Problem statement: A verbatim transcript of the data below is required, images omitted.

Recorded information:
+ + + + +

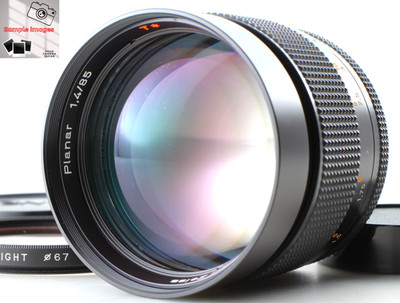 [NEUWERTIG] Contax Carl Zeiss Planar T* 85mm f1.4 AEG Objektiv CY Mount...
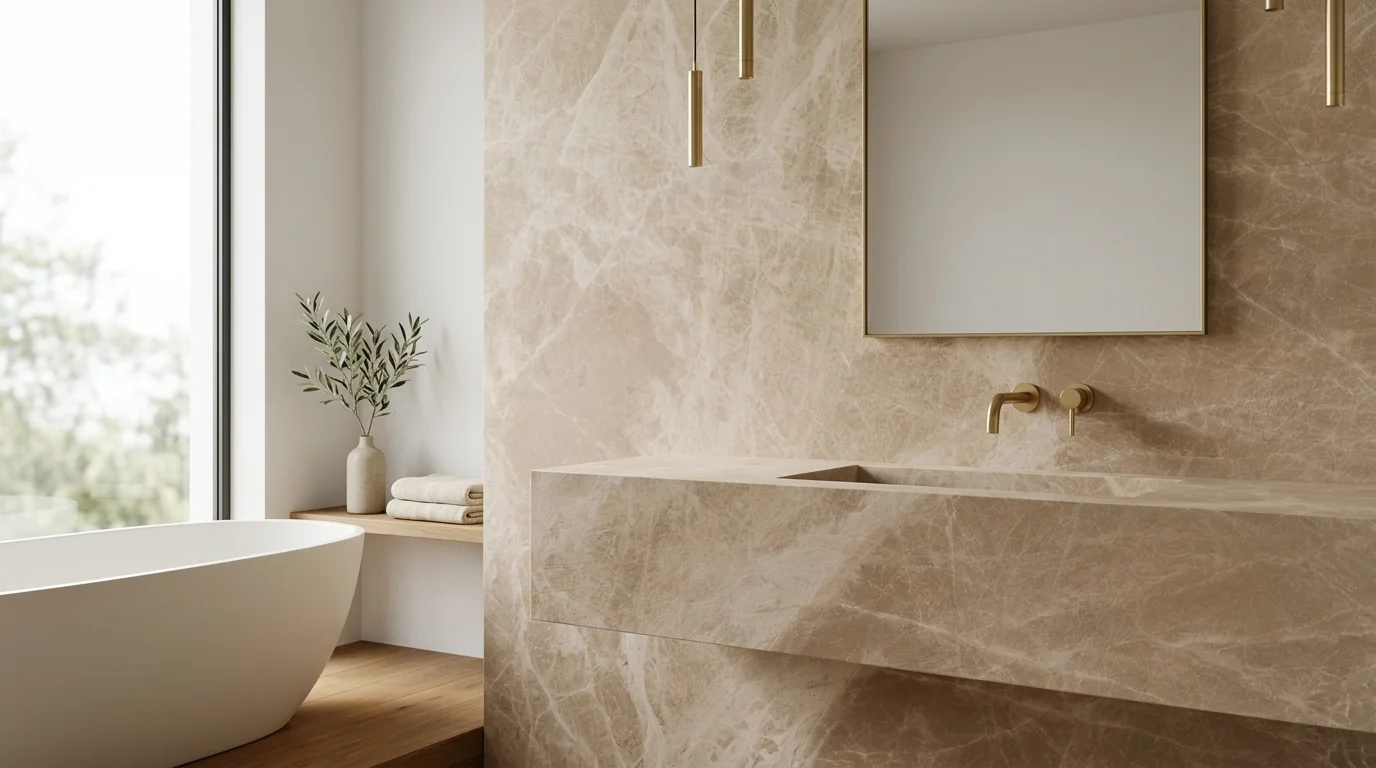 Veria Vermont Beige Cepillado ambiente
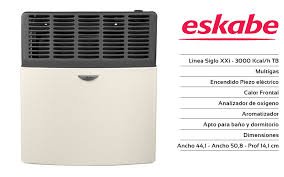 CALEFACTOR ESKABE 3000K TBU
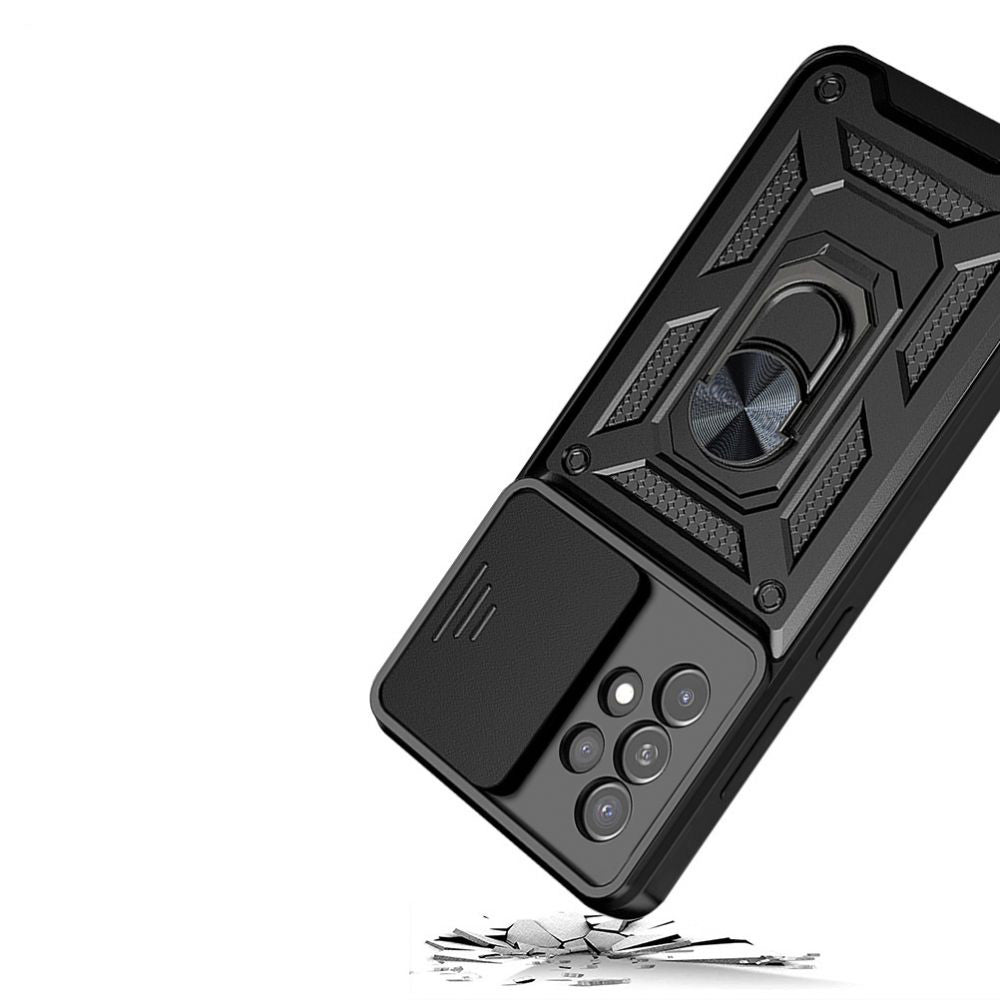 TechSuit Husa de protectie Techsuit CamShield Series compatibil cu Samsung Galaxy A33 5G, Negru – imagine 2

+ + + + +

Exercise answer:
 [NEUWERTIG] Contax Carl Zeiss Planar T* 85mm f1.4 AEG Objektiv CY Mount...
 Veria Vermont Beige Cepillado ambiente
 CALEFACTOR ESKABE 3000K TBU
 TechSuit Husa de protectie Techsuit CamShield Series compatibil cu Samsung Galaxy A33 5G, Negru – imagine 2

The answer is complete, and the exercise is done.